The emotion that seems to come out of this thread is that I miss them. I miss the girls. There is this idea that we get used to things, and then we miss what was once familiar. That’s true. But I miss them because they were nice. They gave me candies and cookies and wanted me to sit in their laps and they were happy to see me. I wanted to be with Nata most, but the others were nice to me too.

I find it hard to explain this, but having left that world, I have found myself in new a world where there is a significant gap between my own experiences and those of most other people around me. On the one hand, this means that I never really know if I disclose something of my own experience how someone else might react. It’s a new experience to them—maybe not new in the abstract, but new as a here-and-now-there-is-a-real-person-in-front-of-me kind of way. And it’s very emotionally charged.

But the girls knew my experience. They knew what it was like to be trafficked. They knew what it was like to have one’s life controlled by a psychopath. And they knew, too, that evil is sometimes a thing that walks around on two legs. They accepted this about their own experiences. They weren’t going to react to mine.

It also means that, ever since then, my life must be explained very carefully to other people. I must understand it very thoroughly in order to communicate it to someone else. There is no easy, “Oh, I know what you mean.” No one will probably ever know what I mean again unless I am very clear about it.
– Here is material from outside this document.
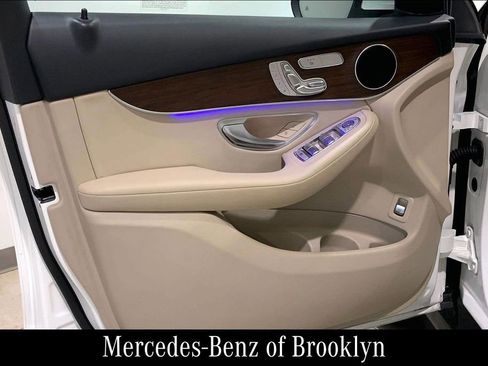 Used 2022 Mercedes-Benz GLC 300 4MATIC image 23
That’s true of my past; it’s true of my life now because it is largely about coming to terms with the past; probably it will be true of my future because the past is how I got there.

Connecting to other people—who may not have traumatic pasts or may have experienced completely different traumas—requires a lot of work. I can be understood, I have found, but I can’t be lazy about it. I have to really think. I have to understand my own experiences clearly. I have to think about the other person’s experiences very carefully so that I can communicate mine in a way the other can understand. It is not easy.

The last time someone knew what I meant without my putting a lot of thought into it was the night Nata died. The last time I was understood easily and effortlessly was the night I sat in the kitchen covered in blood while someone prepared very strong, very sweet tea for me. Because after that, I never saw the girls again.

I think I also miss them as individuals. They were a revolving door—people just disappeared. But they didn’t disappear all at once usually. It was one here and there, and you had a chance to get used to one person’s absence before someone else disappeared. There was time for a relationship and an attachment to develop even if it was not the absolute, close attachment I had to Natalya.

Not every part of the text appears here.